Comments to the Authors:

Please note here if the review is uploaded as an attachment.

Reviewer #1: # Summary and general comments

In this manuscript, Ecker, Santander et al conduct an in-silico study of a state-of-the art, biophysically detailed simulation of seven cortical columns of rat's primary somatosensory cortex. This model has been described and characterized in separate preprints (refs [35] and [36] in the text), as the reduced version (~200K neurons) of a larger model (4.2M neurons). The study is centered on the characterization of assembly-like, stimulus-evoked activity, and on the relation between assembly membership and circuit's anatomical structure. I find the work well written, original, technically sound, and quite remarkable in terms of biophysical realism. However it appears to me that most of the results are the direct outcome of the circuit's structural and dynamical properties. In summary, repeated patterns of activity are injected through thalamic afferents, activating consistently specific sets of neurons (early assemblies), delayed inputs facilitate activations in other sets of neurons (mid assemblies), finally recurrent connectivity causes further signal propagation across the whole population (late assembly). Factors such as calcium spikes and nonlinear interactions between clustered synapses also favor neural activations, when present, increasing transmission efficiency.

I find this work an interesting example of how a bottom-up approach can consistently and cohesively reveal large-scale circuit properties, offering more quantitative insights and predictions precluded to simpler models of pointwise neurons. Especially in quantifying more precisely how different circuit properties concur in generating evoked assembly-like activity. There are however some noteworthy limitations, that is important to mention.
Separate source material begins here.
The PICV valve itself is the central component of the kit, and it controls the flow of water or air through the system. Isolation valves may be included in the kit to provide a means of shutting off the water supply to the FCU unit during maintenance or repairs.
First and foremost, the work focuses exclusively on assemblies directly evoked by injected stimuli, with no mentions of spontaneous activity. However a lot of interest is devoted to why and by which mechanisms assemblies emerge during spontaneous activity, and on the similarities between the spontaneous assemblies and those evoked by stimuli (e.g. refs [10,11,13,58] in main text). I think it should be explained why this aspect has not been investigated in the paper, despite its centrality in both experimental and modeling work.

Second, I find it curious that about 150 ms after stimulus onset the same, broadly distributed late assembly activates for every stimulus in the input set. This is an interesting model prediction I am not fully convinced about (it seems unjustified in terms of energy cost, for a patterns that seems quite uninformative). I also wonder how much of it is due to the presence of the broad, unspecific POm component that comes with every input stimulus. For example it would be interesting to see if it is still present in the absence of POm stimulus, and to what extent. Perhaps it should be better explained and justified why input stimuli have both a clustered and a more spread-out component.

# Minor points

P0 - The manuscript does not have line numbers. I am surprised they are not a strict requirement, but even so please do add them in the future, as they would simplify the process of revising and editing.
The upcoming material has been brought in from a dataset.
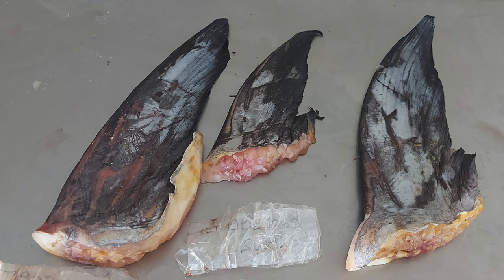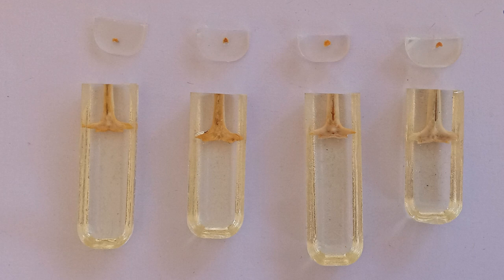This video provides an overview of how swordfish spines are removed from the anal fin. This is necessary to prepare spines for aging.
Abstract - I find the mention of plasticity in the concluding sentence a bit confusing, since it is completely out of the scope of the work presented, and barely mentioned in the discussion.
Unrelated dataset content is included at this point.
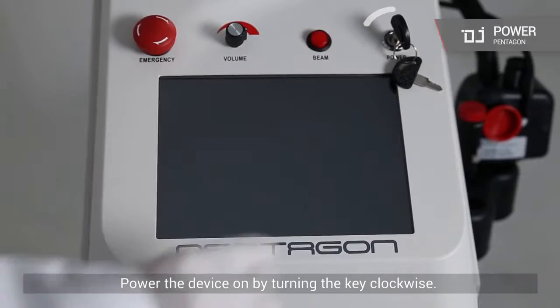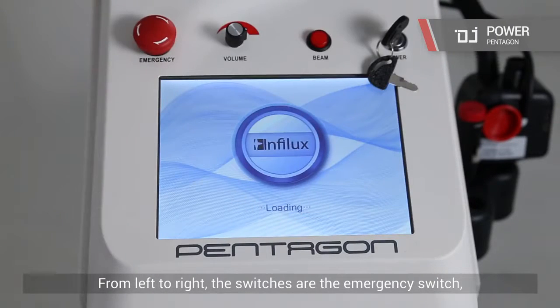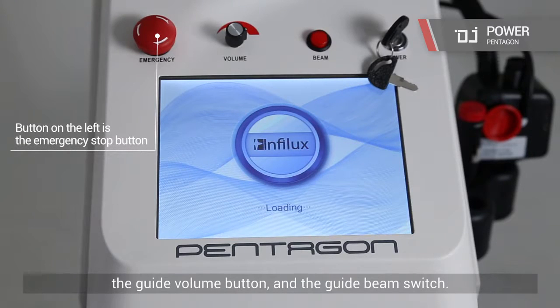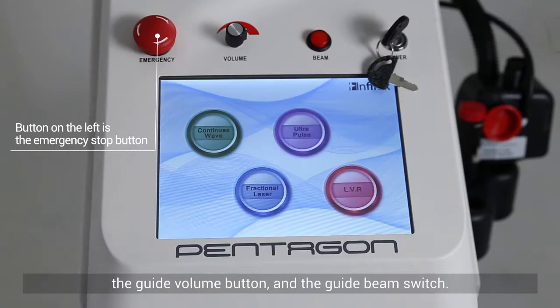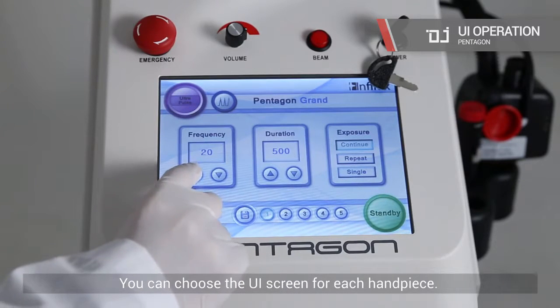Power the device on by turning the key clockwise. From left to right, the switches are the emergency switch, the guide volume button, and the guide beam switch. You can choose the UI screen for each handpiece.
P2, 4th paragraph. Typo on second line and question mark missing at end.

P2, 5th paragraph. "tens of thousands" but it's more like 200K. Assemblies are described as "groups of neurons that fire together more than expected". Intuitively the definition makes sense to me, but I worry there might be a bit too much subjectivity in the meaning of "more than expected".

P3, last paragraph of section 1. "Assemblies active after 50 ms are determined by recurrent connectivity". But later on the result is that "recurrent connectivity explains late assemblies". From Fig 3 B2 I would associate 50 ms with mid assemblies. (might be useful to offer a time range for mid and late assemblies)

P3, section 2.1 . Although the input is better described in the method section, I think you should describe the POm input as well. Initially I erroneously thought that VPM and POm stimuli belonged to separate sessions, rather than being delivered at the same time.

Fig 3e I would show the y axis in the central panel as well.

P5, section 2.1.1 Since the aim is not to build an ideal decoder, I don't think it can be stated that stimuli can "be distinguished better" in an analysis restricted to the L2/3 layer. I understand there is a better, one-to-one correspondence between detected assemblies and injected stimuli, but that would also be feasible in a full model with an optimal decoder, or with different assembly-selection criteria.

P7, section 2.2 In the definition of normalized mutual information, I would describe more clearly the distinction between having positive value, being zero, or having a negative value.

P10 , end of 2.2.2 section, states that 0-indegree is equivalent to indegree. I think this should be clarified a bit earlier, given that the x-axis in Fig. 4D simply reads "indegree"

P14, "Our analysis support the idea that neuronal activity revolves around activation of assemblies". I find this statement a bit too strong: the analysis considers assemblies evoked in the model by specific stimuli chosen for this purpose. There is no comparison with alternative ideas and perspectives. The "idea that neuronal activity revolves around activation of assemblies" seems to me the very starting point of this work.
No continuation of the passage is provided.